Where the line with "Vintage iridescent gray porcelain egg cup" appears below, start writing out lines exactly, and finish with the line with "Leaf-Shaped Bird Feeder", which is included; write out nothing else.

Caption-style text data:
------------------------

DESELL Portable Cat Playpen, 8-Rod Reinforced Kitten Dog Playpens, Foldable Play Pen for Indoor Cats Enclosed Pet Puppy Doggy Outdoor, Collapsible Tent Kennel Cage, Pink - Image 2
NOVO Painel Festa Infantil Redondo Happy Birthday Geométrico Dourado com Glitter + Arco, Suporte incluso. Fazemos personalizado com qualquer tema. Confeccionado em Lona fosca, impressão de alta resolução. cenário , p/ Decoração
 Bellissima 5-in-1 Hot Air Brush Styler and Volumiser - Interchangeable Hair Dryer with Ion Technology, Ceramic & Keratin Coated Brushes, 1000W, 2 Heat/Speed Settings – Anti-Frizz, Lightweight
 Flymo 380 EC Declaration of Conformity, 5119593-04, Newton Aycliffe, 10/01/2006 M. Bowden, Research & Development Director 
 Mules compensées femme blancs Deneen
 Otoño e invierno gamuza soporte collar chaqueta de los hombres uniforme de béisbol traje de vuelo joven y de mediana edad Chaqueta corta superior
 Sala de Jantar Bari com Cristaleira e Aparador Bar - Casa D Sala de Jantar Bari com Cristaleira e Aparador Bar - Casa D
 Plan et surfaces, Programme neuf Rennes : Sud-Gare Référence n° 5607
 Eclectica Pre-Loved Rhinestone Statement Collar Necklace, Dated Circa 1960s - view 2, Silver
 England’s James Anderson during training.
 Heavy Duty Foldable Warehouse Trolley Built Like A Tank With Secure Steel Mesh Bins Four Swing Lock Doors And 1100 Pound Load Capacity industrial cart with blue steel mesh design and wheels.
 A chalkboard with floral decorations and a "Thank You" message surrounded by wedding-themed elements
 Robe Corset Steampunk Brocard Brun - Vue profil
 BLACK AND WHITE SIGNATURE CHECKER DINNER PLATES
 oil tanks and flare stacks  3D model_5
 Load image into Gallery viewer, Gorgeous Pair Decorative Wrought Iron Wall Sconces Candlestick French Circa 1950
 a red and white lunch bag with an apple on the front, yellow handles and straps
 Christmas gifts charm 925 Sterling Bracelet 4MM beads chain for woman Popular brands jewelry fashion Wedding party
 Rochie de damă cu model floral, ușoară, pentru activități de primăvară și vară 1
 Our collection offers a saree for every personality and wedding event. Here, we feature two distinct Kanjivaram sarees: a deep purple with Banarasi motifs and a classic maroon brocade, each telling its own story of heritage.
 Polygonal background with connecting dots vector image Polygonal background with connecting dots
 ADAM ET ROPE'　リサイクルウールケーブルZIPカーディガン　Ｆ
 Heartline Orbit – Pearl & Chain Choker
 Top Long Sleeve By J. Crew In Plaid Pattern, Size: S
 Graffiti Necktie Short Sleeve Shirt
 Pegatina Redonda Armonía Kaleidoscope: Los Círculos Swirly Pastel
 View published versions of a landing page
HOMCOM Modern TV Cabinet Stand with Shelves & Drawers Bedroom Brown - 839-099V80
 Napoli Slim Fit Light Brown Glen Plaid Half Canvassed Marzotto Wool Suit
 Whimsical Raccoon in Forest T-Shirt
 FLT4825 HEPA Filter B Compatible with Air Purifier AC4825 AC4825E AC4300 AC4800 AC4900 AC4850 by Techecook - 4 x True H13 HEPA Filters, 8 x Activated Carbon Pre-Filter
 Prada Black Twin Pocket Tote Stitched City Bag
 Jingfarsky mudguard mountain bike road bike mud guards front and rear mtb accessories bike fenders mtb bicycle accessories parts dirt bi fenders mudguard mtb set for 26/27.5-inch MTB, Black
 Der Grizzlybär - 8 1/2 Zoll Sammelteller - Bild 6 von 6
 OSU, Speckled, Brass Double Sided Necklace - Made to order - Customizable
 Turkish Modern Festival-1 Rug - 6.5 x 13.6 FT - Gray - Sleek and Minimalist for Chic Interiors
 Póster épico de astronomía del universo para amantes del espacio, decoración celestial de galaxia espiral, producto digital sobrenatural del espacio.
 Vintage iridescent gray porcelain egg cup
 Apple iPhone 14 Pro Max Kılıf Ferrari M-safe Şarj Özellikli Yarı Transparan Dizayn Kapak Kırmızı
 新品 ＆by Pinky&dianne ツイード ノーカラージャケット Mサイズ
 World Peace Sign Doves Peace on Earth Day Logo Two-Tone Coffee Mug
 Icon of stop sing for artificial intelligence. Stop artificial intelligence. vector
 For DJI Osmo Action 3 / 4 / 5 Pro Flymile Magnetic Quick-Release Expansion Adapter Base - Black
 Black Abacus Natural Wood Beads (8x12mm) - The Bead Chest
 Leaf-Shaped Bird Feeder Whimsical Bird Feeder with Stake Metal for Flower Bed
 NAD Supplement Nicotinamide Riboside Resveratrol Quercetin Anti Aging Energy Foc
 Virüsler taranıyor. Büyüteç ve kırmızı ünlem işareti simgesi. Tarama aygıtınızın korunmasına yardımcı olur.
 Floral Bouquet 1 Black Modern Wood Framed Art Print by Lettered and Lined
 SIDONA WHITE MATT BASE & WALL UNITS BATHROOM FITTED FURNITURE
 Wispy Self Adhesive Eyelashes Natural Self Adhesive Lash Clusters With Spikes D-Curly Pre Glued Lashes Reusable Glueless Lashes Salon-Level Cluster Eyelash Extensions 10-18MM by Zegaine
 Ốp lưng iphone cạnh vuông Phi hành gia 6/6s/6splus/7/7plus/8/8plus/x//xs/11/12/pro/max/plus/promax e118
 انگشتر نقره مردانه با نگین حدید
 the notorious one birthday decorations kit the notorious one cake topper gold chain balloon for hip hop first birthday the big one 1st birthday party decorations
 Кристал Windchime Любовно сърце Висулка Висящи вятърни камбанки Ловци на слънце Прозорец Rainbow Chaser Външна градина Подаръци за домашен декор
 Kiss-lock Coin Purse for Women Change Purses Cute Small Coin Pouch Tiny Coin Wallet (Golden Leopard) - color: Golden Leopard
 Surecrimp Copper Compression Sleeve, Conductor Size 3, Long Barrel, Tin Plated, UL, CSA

------------------------

**Answer for the task:**
 Vintage iridescent gray porcelain egg cup
 Apple iPhone 14 Pro Max Kılıf Ferrari M-safe Şarj Özellikli Yarı Transparan Dizayn Kapak Kırmızı
 新品 ＆by Pinky&dianne ツイード ノーカラージャケット Mサイズ
 World Peace Sign Doves Peace on Earth Day Logo Two-Tone Coffee Mug
 Icon of stop sing for artificial intelligence. Stop artificial intelligence. vector
 For DJI Osmo Action 3 / 4 / 5 Pro Flymile Magnetic Quick-Release Expansion Adapter Base - Black
 Black Abacus Natural Wood Beads (8x12mm) - The Bead Chest
 Leaf-Shaped Bird Feeder Whimsical Bird Feeder with Stake Metal for Flower Bed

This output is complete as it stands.